The Old Testament truth that people exist as a totality remained firm in New Testament writings. In the New Testament scheme, four dimensions of life are designated in place of the Hebraic flesh, spirit, and nephesh . The body (Greek, soma ) is simply the shape or form of a person ( 1 Peter 2:24; although  Romans 12:1 can best be translated “selves”). The soul (Greek, psuche , related to the Old Testament nephesh ) points to the “total self.”  John 10:11 tells of Jesus “laying down his life for his sheep.” The Greek word normally translated “life” in   John 10:11 is psuche, the word for “soul.” Jesus sacrificed His total self or His whole being for His sheep. Life in the spiritual dimension is called spirit (Greek, pneuma ). Like its Old Testament counterpart, the New Testament root meaning of spirit refers to “wind,” “breath,” or “force.” Spirit, therefore, is the energizing life-force, the innermost part of human beings ( 1 Corinthians 2:10-11 ). While spirit seems to be the dimension whereby humans can cooperate with and respond to God, flesh is that dimension that represents human finitude and weakness. Similar to its Old Testament counterpart, flesh (Greek, sarx ) in the New Testament suggests physical failing and the inability to transcend the physical dimension. It would be unwise, however, to conclude that, in itself, flesh is evil. (See  John 1:14 .) Jesus, the Word made flesh, was certainly not evil.

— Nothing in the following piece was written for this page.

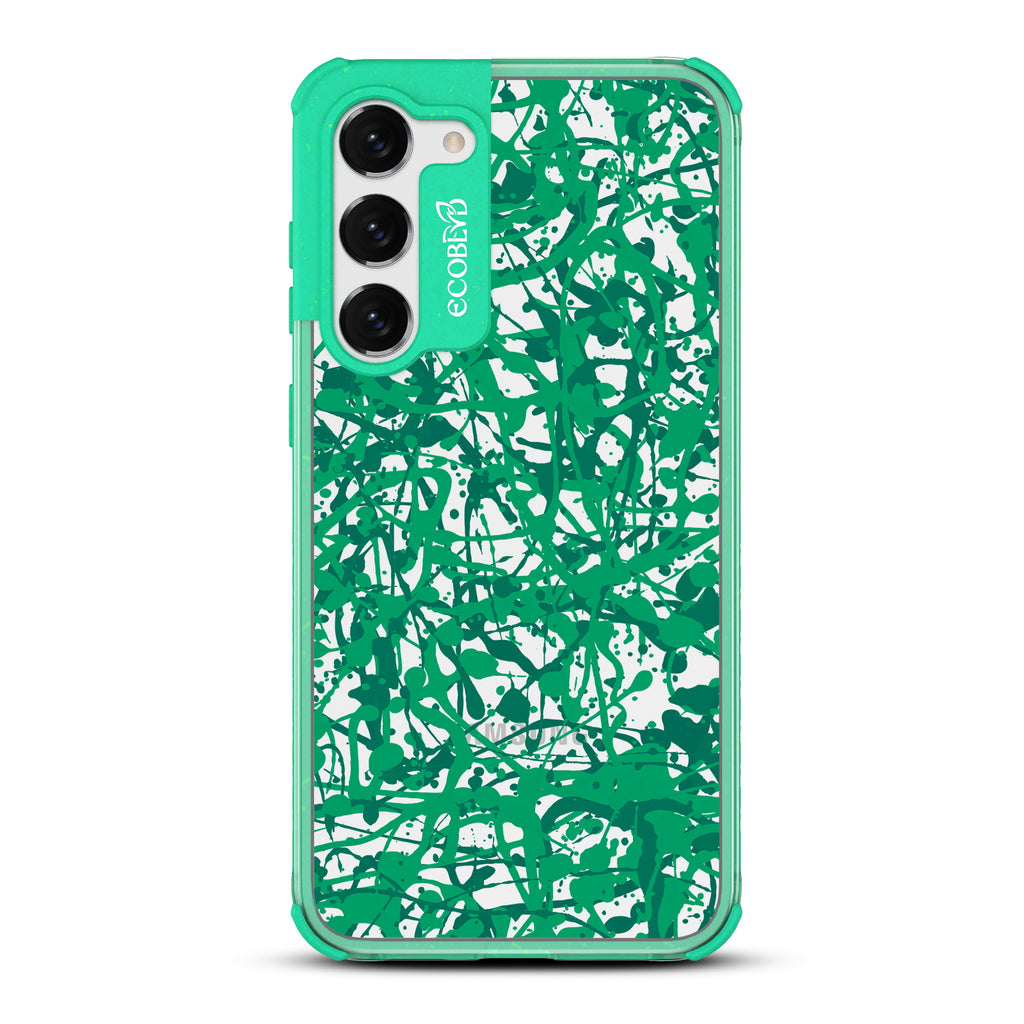 Visionary - Green Eco-Friendly Galaxy S23 Plus Case With An Abstract Pollock-Style Painting On A Clear Back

The New Testament illustrates four specific and distinct dimensions of human existence, but the writers of the New Testament affirm with the Old Testament writers that a human being is a totality, a complete whole. Quoting  Deuteronomy 6:4 , Jesus taught that “you shall love the Lord your God with all your heart, and with all your soul, and with all your mind, and with all your strength” ( Mark 12:30 ). The message is clear: true love of God is love with the total person—heart, soul, mind, and strength. In the same light, “no one can serve two masters” ( Matthew 6:24 ). Because a human being is a complete whole, a divided allegiance is impossible. This biblical idea of humans carries with it profound ethical and social implications. To understand the truth that a person is a total being is to see that ministry must focus upon every dimension of existence. True ministry is, therefore, concerned with the spiritual, the social, the physical, and the psychological. It is clear from the biblical record that human beings are not only spiritual beings any more than they are only physical beings. The Bible affirms the various dimensions of human existence as it affirms that a person is a complete whole, not separate parts joined together.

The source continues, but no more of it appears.